The practical application is simple, if not easy. Set firm limits on when and where devices are used. Enforce them without exception and without negotiation, because the moment you start negotiating, the limit ceases to be a limit. And then, critically, fill the space that opens up with something worth doing.
Get them outside. Sign them up for a troop. Take them camping. Make them cook a meal over a fire and eat it regardless of how it turns out. Give them a trail to navigate with a map and a compass, not a phone. Put them in a patrol with other kids and let the group figure it out, with guidance available but not constant.
As Haidt has described it, the norm we need is more independence, free play, and responsibility in the real world, because we cannot meaningfully reduce screen time without giving kids back a childhood where they are doing things, going places, and exploring without constant adult management. Those experiences are much more engaging than an afternoon on Instagram, but only once kids have had the chance to find that out.

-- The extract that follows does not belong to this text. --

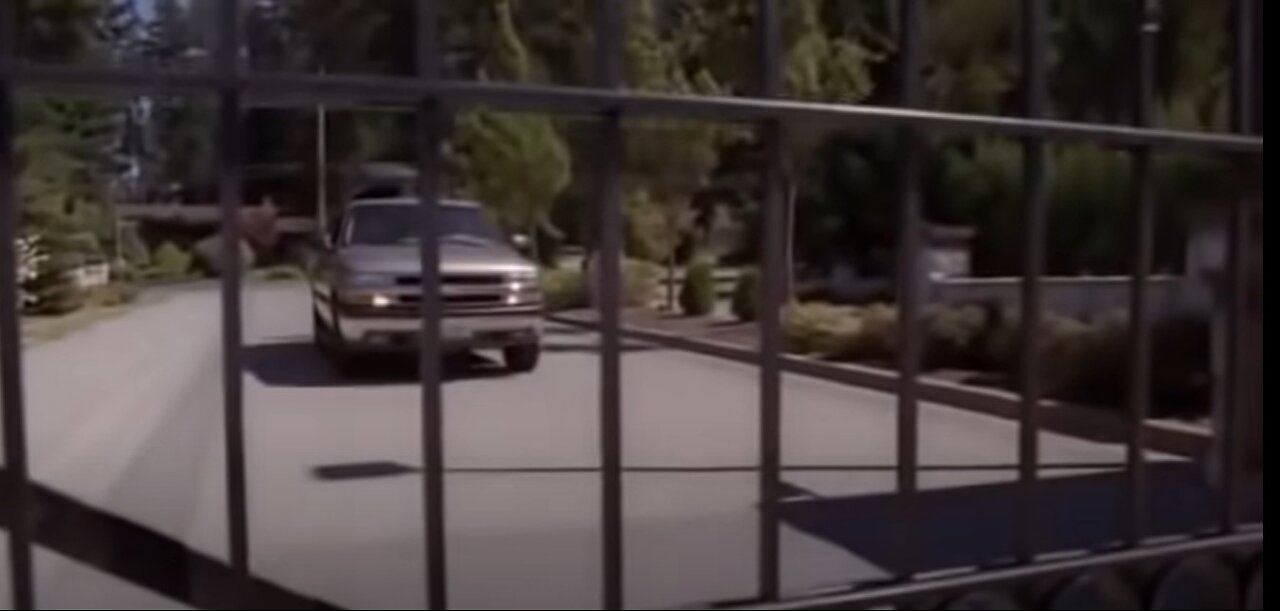 ~We Don't Let No Stupid Horses In Our Town~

The research supports this at every level. One hour per day outside cuts mental health risk in half. Outdoor adventure programs produce measurable reductions in anxiety, depression, and hopelessness. Eagle Scouts report half the loneliness of their non-Scout peers, decades after they left the program. Tufts researchers documented measurable character development in Cub Scouts within three years.
These are not marginal effects. They are substantial, reproducible, and consistent across different methodologies and populations.
As Peter Gray has put it, this is the first time in human history that children have been systematically denied independent activity. They are designed by their nature to grow up with independence. The experiment of removing it has failed.
We know what works. We have the programs. We have the research. We have the trails, the campsites, the merit badge system, and over a century of documented outcomes.
What we need is the willingness to use them.